The children, who separately attended the Oxford County Fair, were infected with the same strain of E. coli, making it “highly likely” they acquired the illness from the same source, according to state health officials.
But that strain was not detected in any samples tested in state or federal labs, Maine CDC said in a news release.
“Additional investigation of other potential causes was also inconclusive, and the Maine CDC has closed its investigation and labeled the cause of these cases undetermined,” the release states.
A petting zoo at the fair had been the only reported link between the two cases. Parents of both children have said each boy developed hemolytic uremic syndrome, a condition that can cause kidney failure and is usually linked to E. coli infection.
While many strains of E. coli are harmless, some produce dangerous “Shiga toxins” that can lead to life-threatening complications.
“The reality is that the majority of cases we investigate end up with an undetermined cause,” state epidemiologist Dr. Siiri Bennett said in the news release. “While we know the two children were infected by the same molecular strain of Shiga-toxin producing E. coli, or STEC, that same strain was not found in any of the samples that we tested here in Maine or in the samples we sent to the U.S. CDC.”
The strain identified in the two boys’ cases, known as O111, is one of several that can cause illness.
One sample collected from animal pens adjacent to a barn area at the fair tested positive for Shiga-toxin producing E. coli, but the U.S. CDC confirmed it didn’t match the strain that caused the boys’ illness.
A second sample from the petting zoo area tested positive for Shiga toxins at the state lab, though E. coli was not identified, Maine CDC said. Federal health officials repeatedly tested the same sample, also finding none of the bacteria.
Maine CDC and the Maine Department of Agriculture, Conservation and Forestry also tested common food items from the fair, which ran Sept. 16-19 in the town of Oxford. None was identified as the likely cause of the illness.
E. coli is most commonly transmitted by consumption of contaminated food or water, but it can also be contracted through contact with farm animals. The bacteria often live in the digestive systems of humans and other mammals. People typically contract the bacteria by coming in contact with animal feces, then eating or touching their mouths with contaminated hands.
Hemolytic uremic syndrome affects 5 to 10 percent of those diagnosed with E. coli-produced shiga toxin, according to the U.S. CDC. Early symptoms of the syndrome include diarrhea, vomiting, abdominal pain, fatigue, pale skin and unexplained bruises or bleeding from the nose and mouth. Neurological problems also may develop, including seizures.

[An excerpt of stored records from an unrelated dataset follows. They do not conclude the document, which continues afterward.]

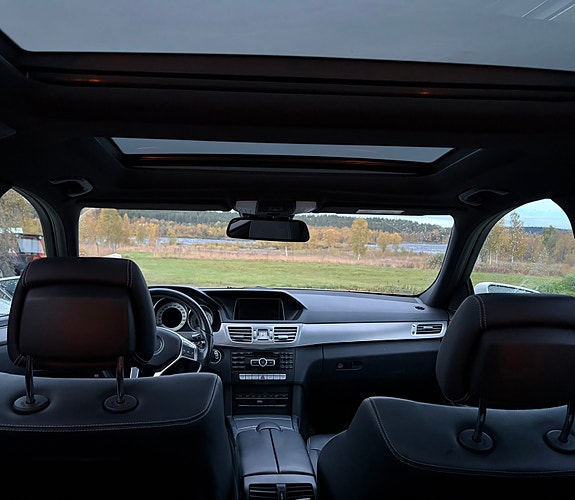 Mercedes-Benz E350 5 of 5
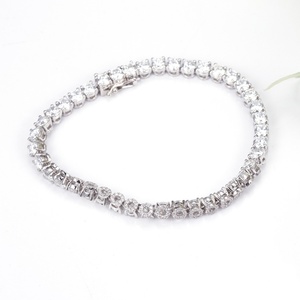 Bracelet tennis en or blanc 14 carats avec diamants de laboratoire personnalisés Messi Jewelry MSB-543 pour femmes - Product Image 1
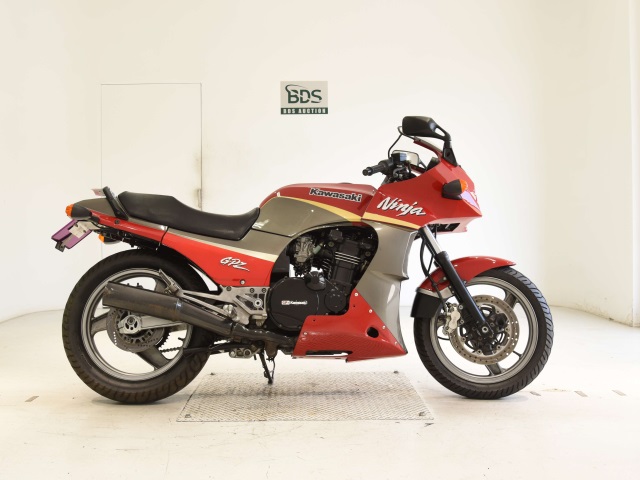 Kawasaki GPZ900R 1998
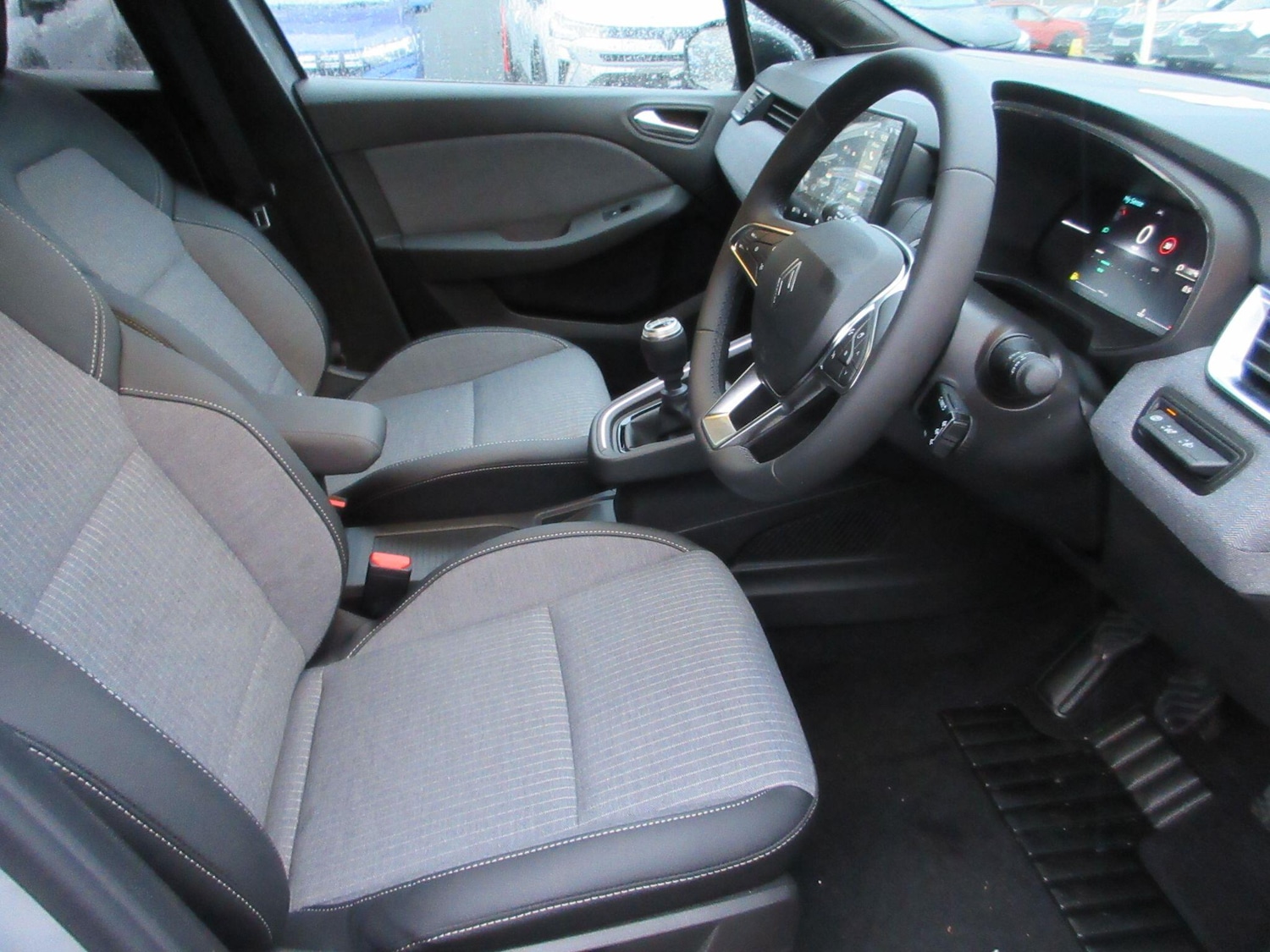 Used Renault Clio 2025 for sale - 77253650: Photo 11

People with compromised immune systems, such as young children and the elderly, are more likely than others to develop severe illness from E. coli and hemolytic uremic syndrome. While most people recover from that complication within a few weeks, some develop kidney failure that leads to permanent damage or death.
Health officials recommend cooking meat and washing produce thoroughly to fend off foodborne E. coli, as well as washing hands after touching raw food or live animals.
The bacteria can spread to fruit and vegetables through fertilizer or contaminated water.